Apple’s decision to establish Apple Operations India is a strategic expansion. Its first R&D subsidiary in the country will focus on research, design, testing and supporting local manufacturing. Apple has largely concentrated its R&D efforts in the U.S., China, Germany and Israel. The move reveals Apple’s growing commitment to India as a market and also as important part of its global supply as well as innovation chain.
The timing is important as the announcement coincides with its need to reduce dependence on China amid ongoing U.S.-China trade tensions. India has a favorable regulatory space and is coupled with the government’s Production-Linked Incentives (PLIs) that provides a compelling case for Apple’s entry into R&D and manufacturing support. Setting up Apple Operations India is an astute response to such dynamics.
Apple Operations India will handle procurement, lease facilities, hire engineers for hardware development and provide critical failure analysis for group companies. Apple has even issued a “letter of comfort” to assure financial and operational support for the subsidiary. It indicates that the company views this as a sustained and strategic investment. The move may finally allow India to take part in Apple’s hardware design and testing. It is to further integrate India into Apple’s innovation pipeline.

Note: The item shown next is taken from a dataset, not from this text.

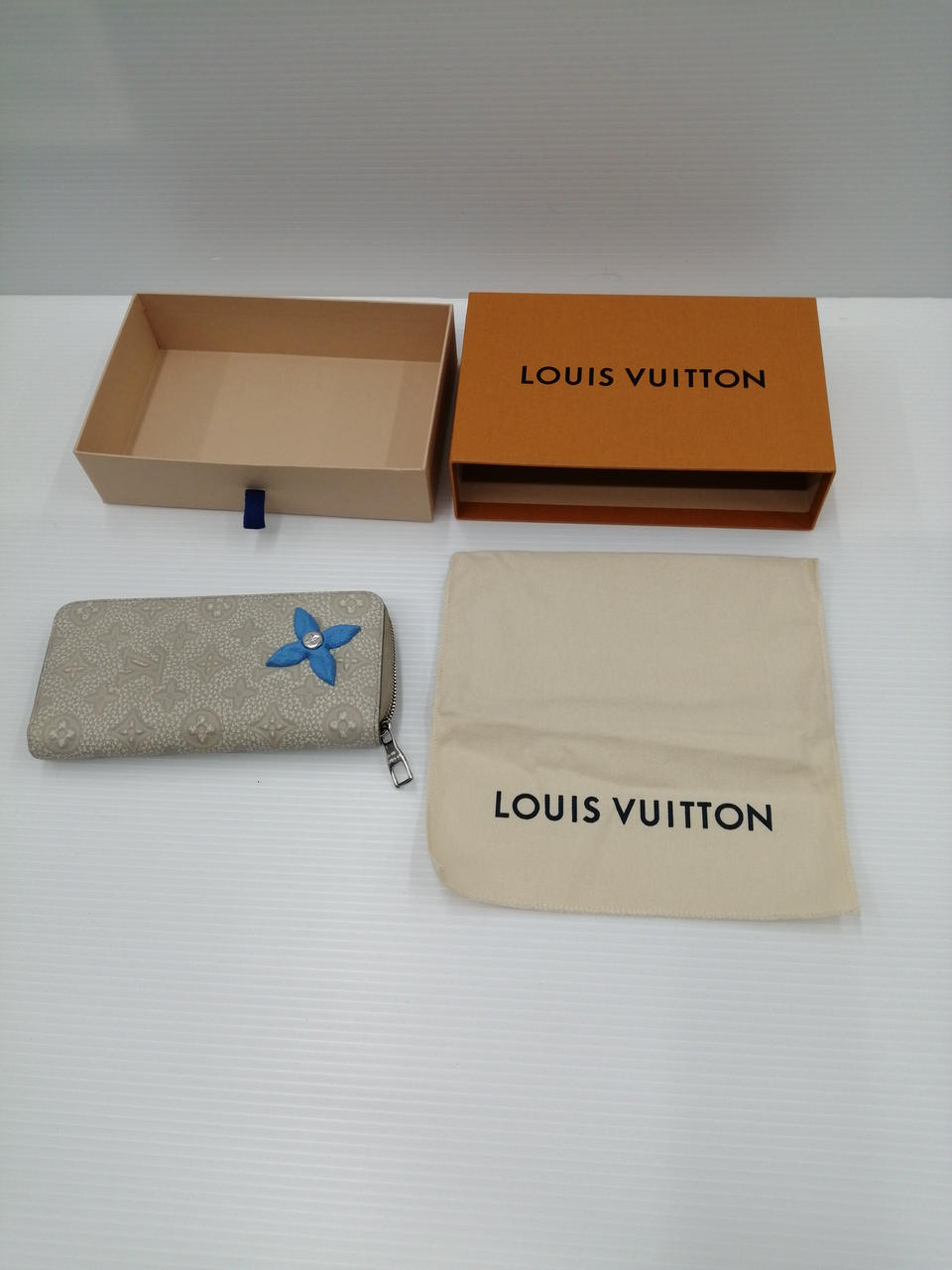 付属品箱、保護袋付き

Apple Operations India is currently equipped with capital work-in-progress worth INR 38.2 crore and fixed assets of INR 36.8 crore. Industry observers such as AltInfo founder Mohit Yadav believe that it is Apple’s signal to its intent to make India an integral part of its ecosystem beyond sales and assembly. The significance of such move becomes further clear if considered Apple’s partnerships with Foxconn, Pegatron and Tata-owned Wistron that enabled to scale production locally.